Many of air packs were stored in the emergency caches required under a federal law passed after Sago.
Mine operators are supposed to supply at least two hours of emergency air per miner and stash more air packs in escapeways. No miner should have to walk more than 30 minutes to reach one, and they are to be available in regular intervals the whole way to the surface.
Scrutiny of both industry and regulators has increased since Sago, the report says more must be done. The Upper Big Branch mine explosion, which killed 29 West Virginia miners in April 2010, is "a reminder to remain ever vigilant."
Although the laws are now stronger and the industry has spent nearly $1 billion on emergency preparations since 2006, the report says there's little research to indicate how well mine operators have complied with the new regulations or whether they've been effective.

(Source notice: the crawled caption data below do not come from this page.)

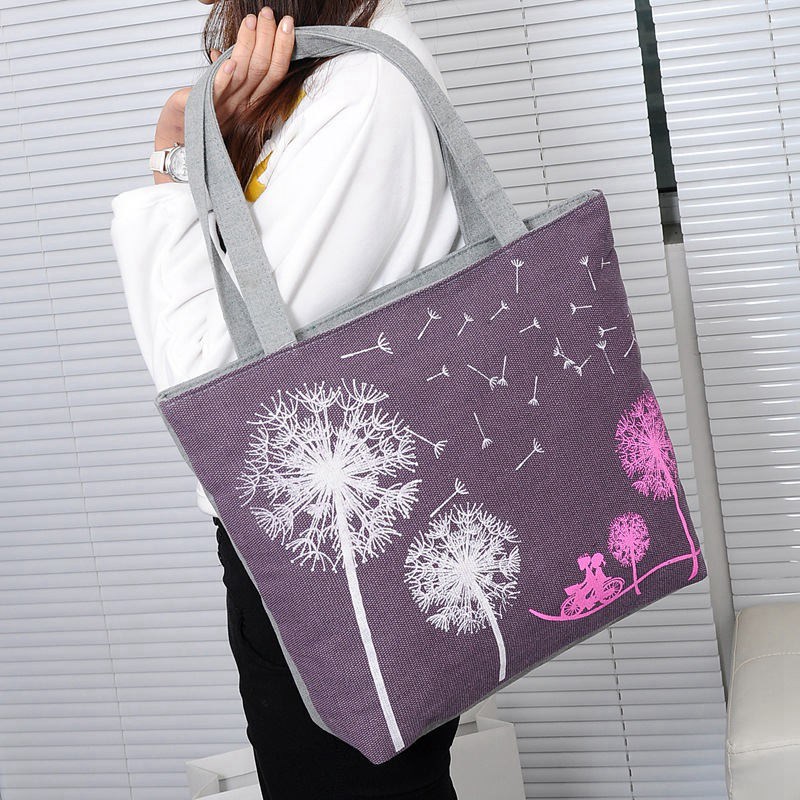 Canvas Women Casual Tote Designer Dame Große Tasche Mode löwenzahn Handtaschen Taschen Einkaufstasche Neue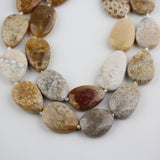 Natural Coral Jades Slice Teardrop Shape Beads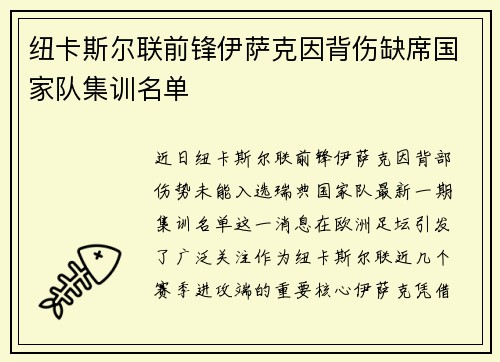 纽卡斯尔联前锋伊萨克因背伤缺席国家队集训名单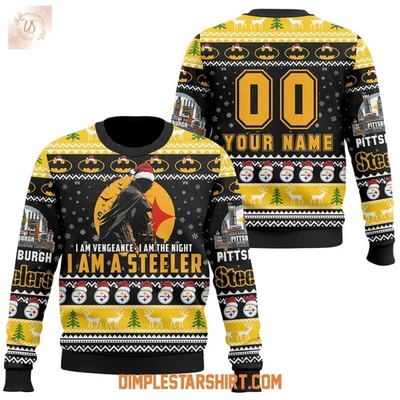 Personalized Pittsburgh Steelers x Batman Ugly Christmas Sweater Unisex Size - Image 1 of 4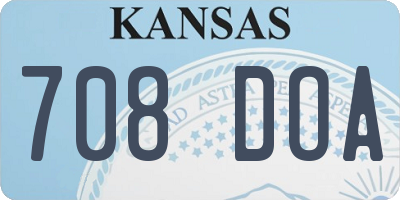 KS license plate 708DOA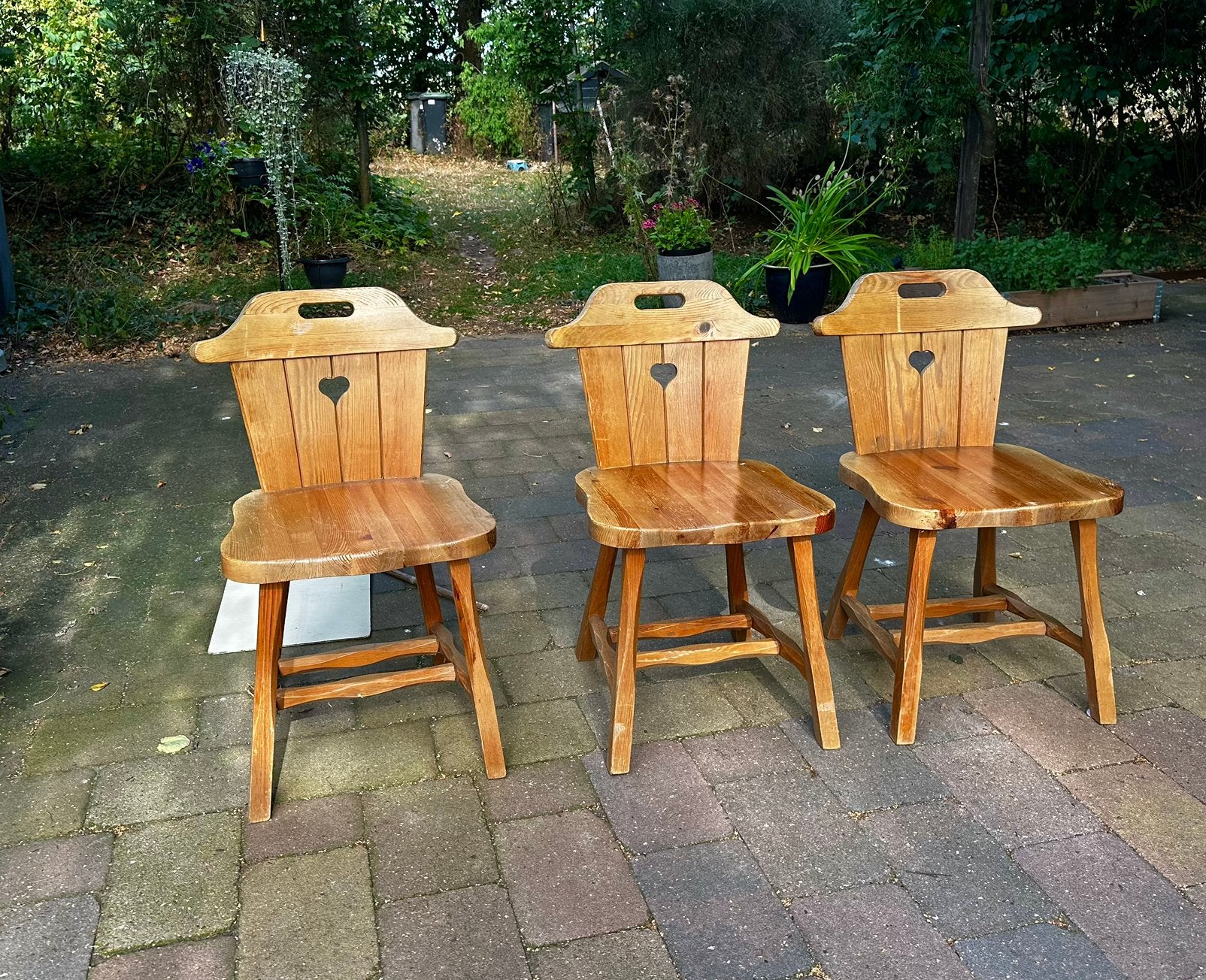 3 massief houten stoelen, Ophalen, Gebruikt, Bruin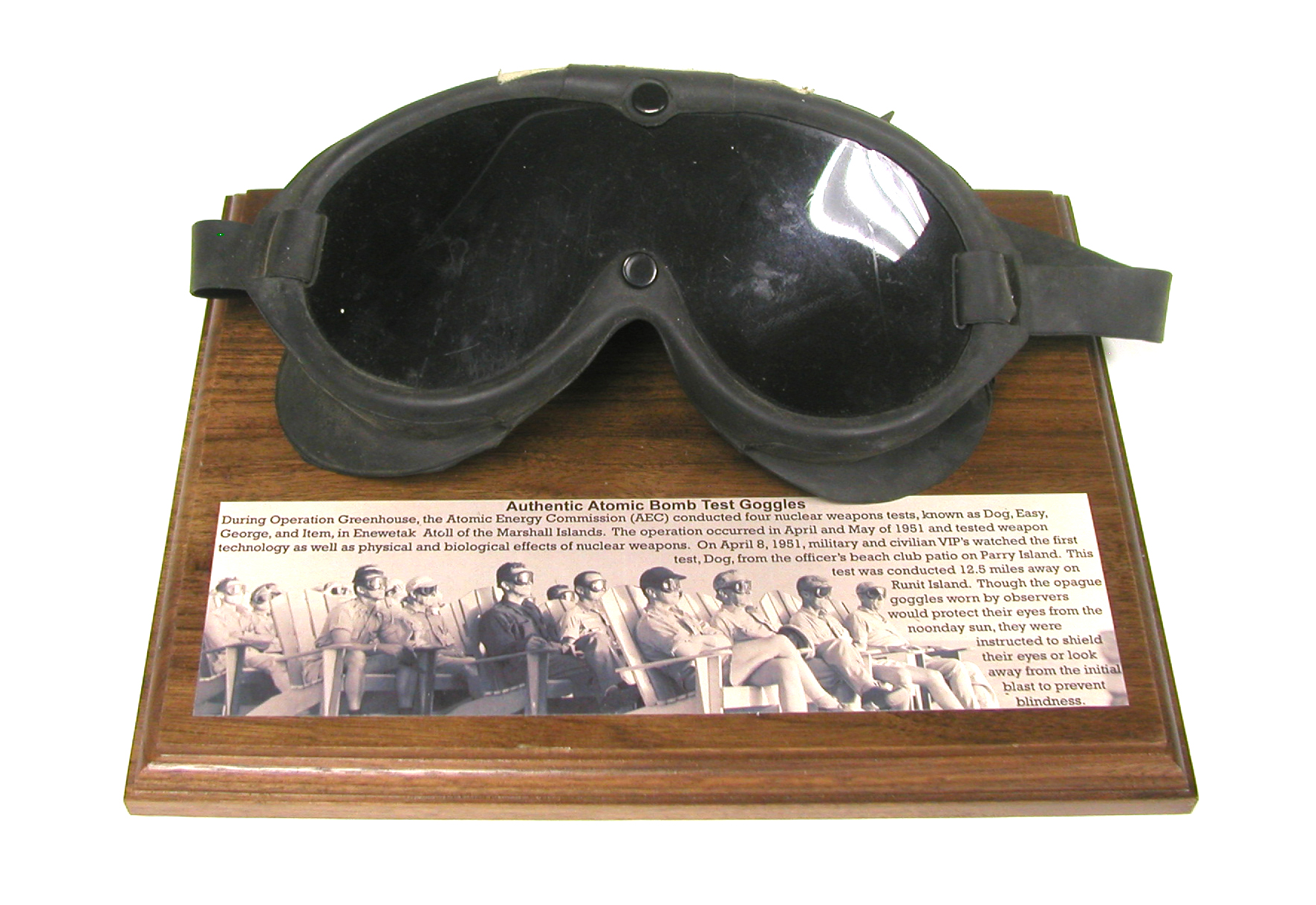 atomic bomb test goggles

The industry and NIOSH must work to promote safety "as a core value of the industry," the report said, and that includes compiling existing research and recommendations from other high-hazard industries to help identify strengths and weaknesses.
The committee also recommended more research on effective, science-based materials, training and procedures to help miners make better decisions in crisis.
It suggests comprehensive self-escape scenarios be played out at every underground mine at least once a year, and that the lessons learned from those drills be collected and analyzed. It recommends the creation of a public database that could help anyone who's interested examine the outcomes.
NIOSH should also work with MSHA to ensure any new training is effective, and that miners retain what they learn.